The Reading from Exodus describes a meal eaten on the run. Moses puts it bluntly, “Eat it with your loins girded, your sandals on your feet, and your staff in your hand. You shall eat it hurriedly.” Moses rushes the people through their meal because God is busy rushing through Egypt and making a way for the people to go forward, a way of freedom and new life.
When Jesus and his disciples gathered in an upper room to celebrate the Passover meal, they knew the tradition from Exodus, but I think Jesus chose this place and this time not to have a hurried meal. Instead, I think he chose this time and place in order to slow down. Biblical scholars argue about whether Jesus knew exactly what the next few days would bring, or whether he just sensed things were leading in a certain direction. But whatever the case, in the midst of confusion, uncertainty, worry, fear, perhaps some doubt—Jesus chose this supper as a chance to be with his friends and to savor ever minute. To taste the bread. To chew the olives. To smell the wine. To pray with eyes open wide.
Jesus speaks with them very gently. He talks about what might be ahead. When they become anxious, he offers calm. He shows them faith. He tries to prepare them spiritually, and as a symbol of servant hood and of cleaning away the old to make room for the new, Jesus washes their feet.
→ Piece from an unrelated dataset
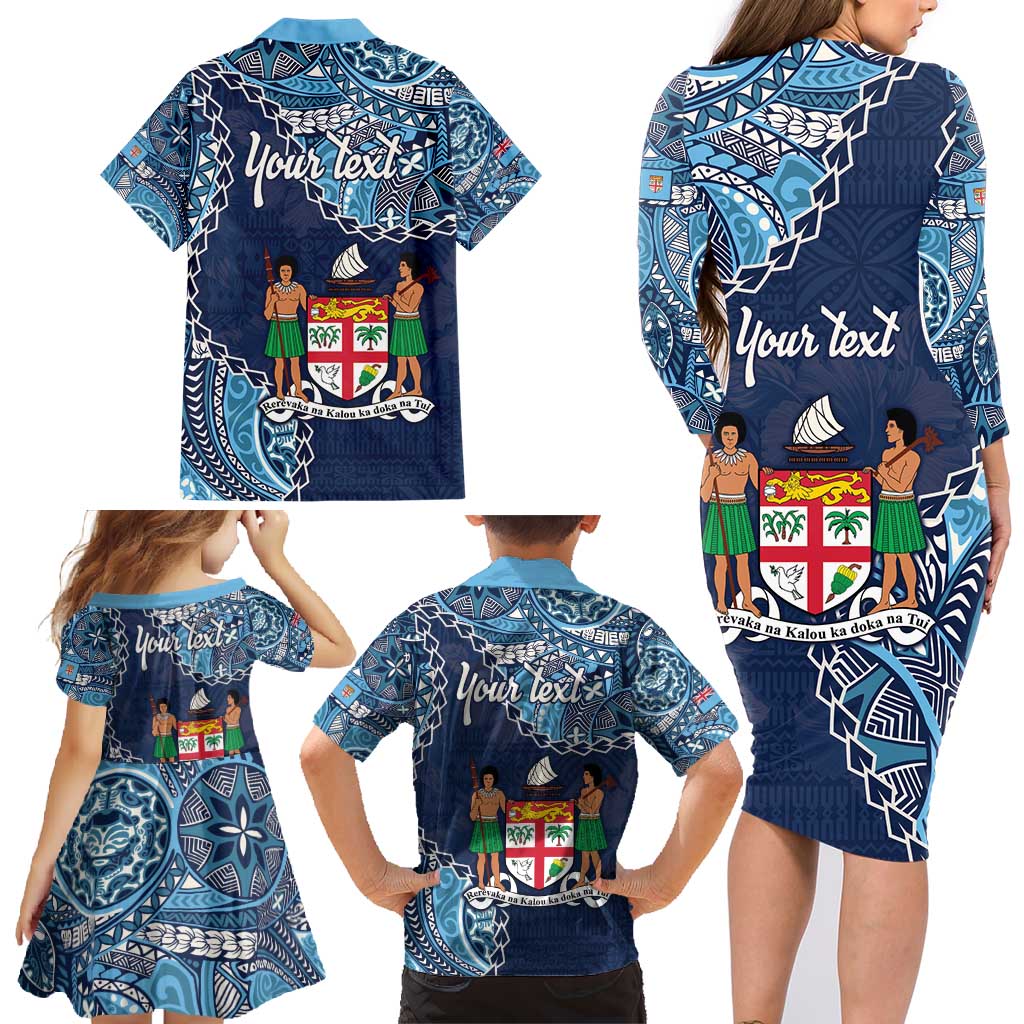 Personalised Fiji 54th Anniversary Family Matching Long Sleeve Bodycon Dress and Hawaiian Shirt Siga Ni Bula Galala Marautaki O Viti LT9 - Polynesian Pride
Simon Peter is uncomfortable with the idea. Probably for different reasons than we might be, but the reluctance, the vulnerability, the hesitation to yield to another, to allow another to touch, and wash, and offer— some of us might be in the same place as Simon Peter, and we might be uncomfortable.
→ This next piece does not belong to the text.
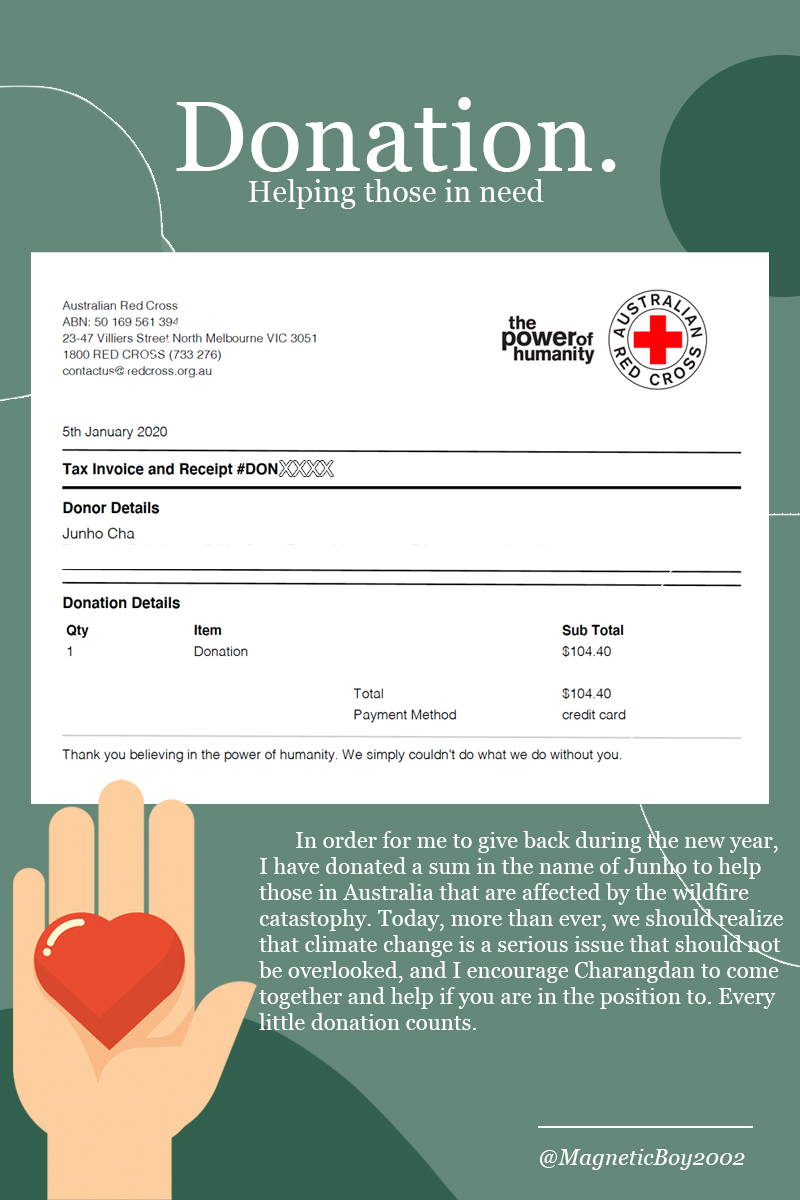 magneticboy2002's tweet photo. 𝐍𝐄𝐖 𝐃𝐄𝐂𝐀𝐃𝐄 𝐏𝐑𝐎𝐉𝐄𝐂𝐓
And yet, just like Jesus tries to show Simon Peter that service involves not only giving, not only “doing unto;” but it also involves receiving, and allowing other to do, so Jesus offers us a way of service that makes for communion.
This act of washing feet not only recalls the service Jesus showed his disciples, but it also reminds us of where we are. We’re not back in First Century Palestine. We’re here, in Washington, DC. We don’t (all of us) have stylized, beautiful feet like in paintings or frescoes, we have what we have. And we have one another.
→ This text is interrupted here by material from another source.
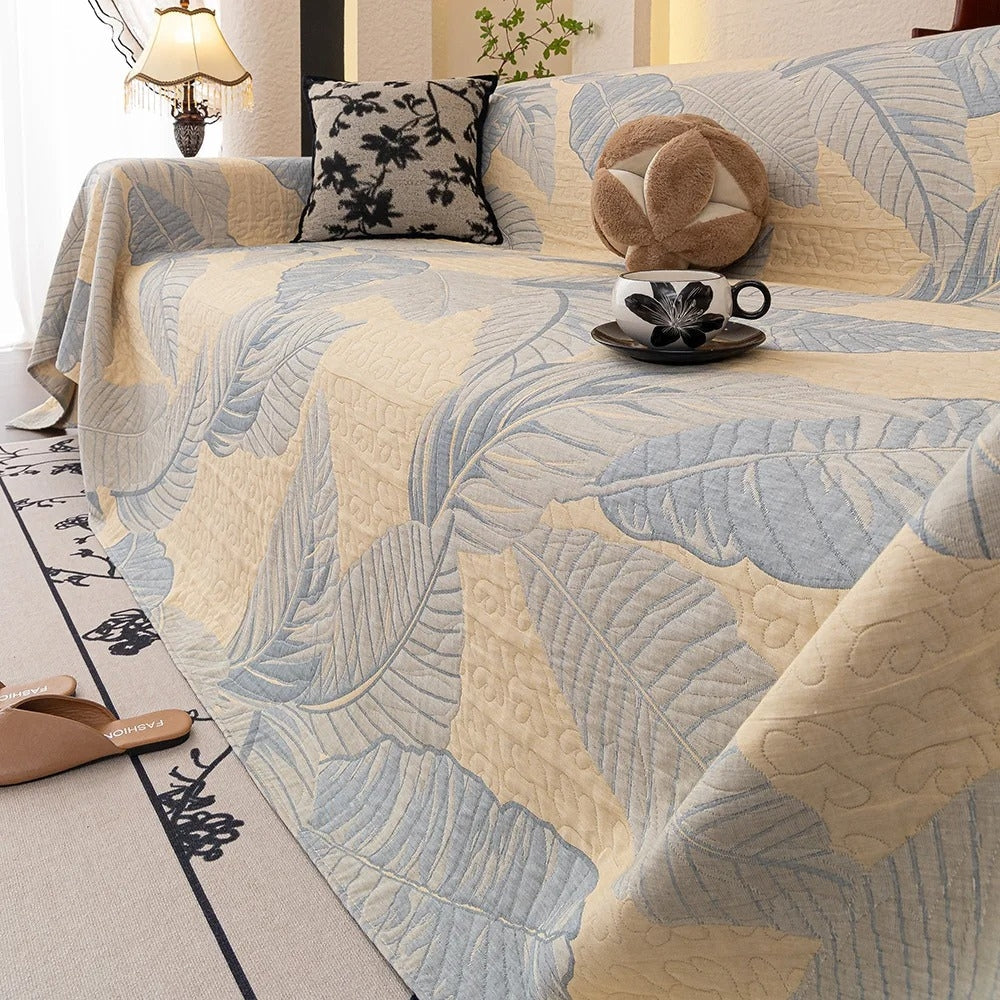 Luna Sofa Cover - Leaf Pattern, Breathable Gauze, All-Season Protection 1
If you look around, you’ll see a sight that will never be repeated again: Each of these people, sitting where he or she is sitting, looking the way they do. This particular configuration of people, in this space, with the light just as it is—will never happen exactly like this again. Water, bread, wine, bodies, emotions…. they are all rare and endangered—endangered by the worries of tomorrow, by the regrets of yesterday, by the distractions of today,
And so, God invites us to be present in this evening. To be present now.
It’s not easy to be present. I remember a time when I was ANYWHERE but in the present. I was in seminary and it was one of the most unfocused and worrisome times of my life. It was Holy Week and I was confused. I was confused about the future, confused about the way my life was going, confused about my sexuality, my friendships, my understanding of God, my vocation… you name it, and it confused me and worried me. I was living with regrets from the past, and yet I was afraid to look ahead, feeling paralyzed by fears of the future. And then in church we sang a hymn.
Now the silence, now the peace,
Now the empty hands uplifted;
Now the kneeling, now the plea,
Now the Father’s arms in welcome;
Now the hearing, now the power,
Now the vessel brimmed for pouring;
Now the body, now the blood,
Now the joyful celebration;
Now the wedding, now the songs,
Now the heart forgiven, leaping;
Now the Spirit’s visitation,
Now the Son’s epiphany;
Now the Father’s blessing,
Now, now, now. (The Hymnal, no. 333, words by Jaroslav Vajda, 1919-2008)
God is here NOW.
Just as Jesus used the Upper Room as a time to be with his friends, so this night provides us an opportunity to be present. A lot has gone before us. The days ahead will bring their challenges, but we are here, in this place. And God is here, in this place, now.